Robert Krulwich
Robert Krulwich works on radio, podcasts, video, the blogosphere. He has been called "the most inventive network reporter in television" by TV Guide.
Krulwich is the co-host of WNYC's Radiolab, a radio/podcast series distributed nationally by NPR that explores new developments in science for people who are curious but not usually drawn to science shows. Radiolab won a Peabody Award in 2011.
His specialty is explaining complex subjects, science, technology, economics, in a style that is clear, compelling and entertaining. On television he has explored the structure of DNA using a banana; on radio he created an Italian opera, "Ratto Interesso" to explain how the Federal Reserve regulates interest rates; he has pioneered the use of new animation on ABC's Nightline and World News Tonight.
For 22 years, Krulwich was a science, economics, general assignment and foreign correspondent at ABC and CBS News.

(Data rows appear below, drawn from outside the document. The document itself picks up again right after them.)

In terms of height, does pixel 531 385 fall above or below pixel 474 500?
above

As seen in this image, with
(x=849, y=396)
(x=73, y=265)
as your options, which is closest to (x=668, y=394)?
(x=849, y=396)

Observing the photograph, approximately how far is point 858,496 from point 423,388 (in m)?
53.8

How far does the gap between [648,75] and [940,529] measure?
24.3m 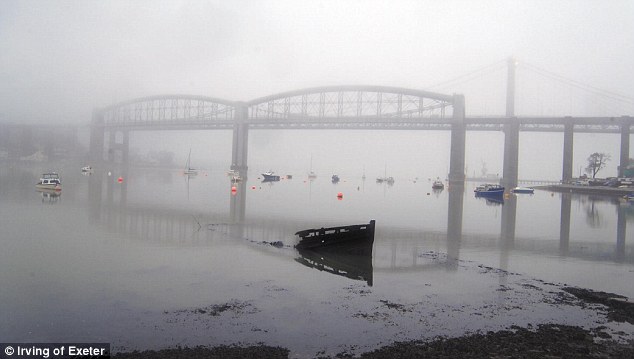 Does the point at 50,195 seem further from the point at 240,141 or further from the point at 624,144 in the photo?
the point at 624,144

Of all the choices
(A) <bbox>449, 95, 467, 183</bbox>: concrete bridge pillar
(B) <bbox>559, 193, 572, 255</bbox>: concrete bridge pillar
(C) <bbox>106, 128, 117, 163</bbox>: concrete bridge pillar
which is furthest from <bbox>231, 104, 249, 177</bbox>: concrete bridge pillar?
(B) <bbox>559, 193, 572, 255</bbox>: concrete bridge pillar

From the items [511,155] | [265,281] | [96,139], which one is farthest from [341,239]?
[96,139]

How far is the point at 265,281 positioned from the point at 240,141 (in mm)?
103925

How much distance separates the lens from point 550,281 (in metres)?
14.4

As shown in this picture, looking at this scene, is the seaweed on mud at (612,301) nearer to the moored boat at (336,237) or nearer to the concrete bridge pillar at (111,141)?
the moored boat at (336,237)

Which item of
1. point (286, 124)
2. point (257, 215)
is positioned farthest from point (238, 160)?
point (257, 215)

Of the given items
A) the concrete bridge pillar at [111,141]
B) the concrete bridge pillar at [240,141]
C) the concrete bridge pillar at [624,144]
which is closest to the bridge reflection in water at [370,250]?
the concrete bridge pillar at [624,144]

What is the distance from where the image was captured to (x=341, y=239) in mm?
18016

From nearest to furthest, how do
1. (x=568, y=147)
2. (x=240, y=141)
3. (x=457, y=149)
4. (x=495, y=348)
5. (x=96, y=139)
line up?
(x=495, y=348) < (x=568, y=147) < (x=457, y=149) < (x=240, y=141) < (x=96, y=139)

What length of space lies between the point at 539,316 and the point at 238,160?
341 feet

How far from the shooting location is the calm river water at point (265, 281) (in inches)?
354

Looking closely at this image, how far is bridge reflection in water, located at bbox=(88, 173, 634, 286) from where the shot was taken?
16.5 metres

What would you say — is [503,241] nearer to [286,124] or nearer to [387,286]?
[387,286]

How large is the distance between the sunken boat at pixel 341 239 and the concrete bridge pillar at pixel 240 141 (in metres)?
92.4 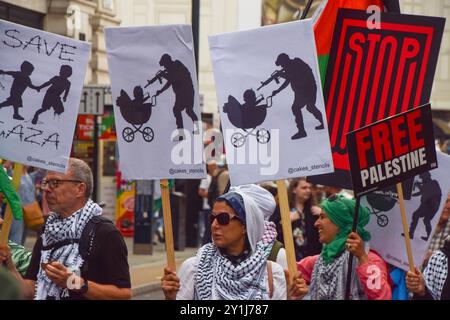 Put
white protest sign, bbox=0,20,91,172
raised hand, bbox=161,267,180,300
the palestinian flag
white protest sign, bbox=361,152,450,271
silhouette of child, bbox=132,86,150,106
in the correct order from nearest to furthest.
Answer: raised hand, bbox=161,267,180,300 < silhouette of child, bbox=132,86,150,106 < white protest sign, bbox=0,20,91,172 < white protest sign, bbox=361,152,450,271 < the palestinian flag

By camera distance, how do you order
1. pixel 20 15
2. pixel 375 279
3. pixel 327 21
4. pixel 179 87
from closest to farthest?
pixel 179 87, pixel 375 279, pixel 327 21, pixel 20 15

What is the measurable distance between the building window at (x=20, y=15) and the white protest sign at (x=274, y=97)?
44.8 feet

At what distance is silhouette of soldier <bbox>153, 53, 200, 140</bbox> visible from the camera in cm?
601

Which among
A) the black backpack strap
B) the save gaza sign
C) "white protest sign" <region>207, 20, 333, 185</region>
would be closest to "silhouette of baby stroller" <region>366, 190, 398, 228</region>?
the save gaza sign

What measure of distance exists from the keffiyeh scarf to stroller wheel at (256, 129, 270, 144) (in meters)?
0.59

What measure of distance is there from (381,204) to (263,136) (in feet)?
4.97

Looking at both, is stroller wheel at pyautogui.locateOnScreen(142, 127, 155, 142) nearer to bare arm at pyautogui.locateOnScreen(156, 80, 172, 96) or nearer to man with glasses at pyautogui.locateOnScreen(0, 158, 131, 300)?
bare arm at pyautogui.locateOnScreen(156, 80, 172, 96)

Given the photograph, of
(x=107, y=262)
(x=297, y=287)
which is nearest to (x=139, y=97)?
(x=107, y=262)

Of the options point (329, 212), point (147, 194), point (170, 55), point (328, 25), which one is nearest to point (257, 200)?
point (329, 212)

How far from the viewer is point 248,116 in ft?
19.4

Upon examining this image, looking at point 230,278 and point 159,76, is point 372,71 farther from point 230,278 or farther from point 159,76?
point 230,278

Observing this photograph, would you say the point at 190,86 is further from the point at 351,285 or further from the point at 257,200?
the point at 351,285

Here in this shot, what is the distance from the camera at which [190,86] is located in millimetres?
6090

He won Emmy awards for a cultural history of the Barbie doll, for a Frontline investigation of computers and privacy, a George Polk and Emmy for a look at the Savings & Loan bailout online advertising and the 2010 Essay Prize from the Iowa Writers' Workshop.
Krulwich earned a Bachelor of Arts degree in history from Oberlin College and a law degree from Columbia University.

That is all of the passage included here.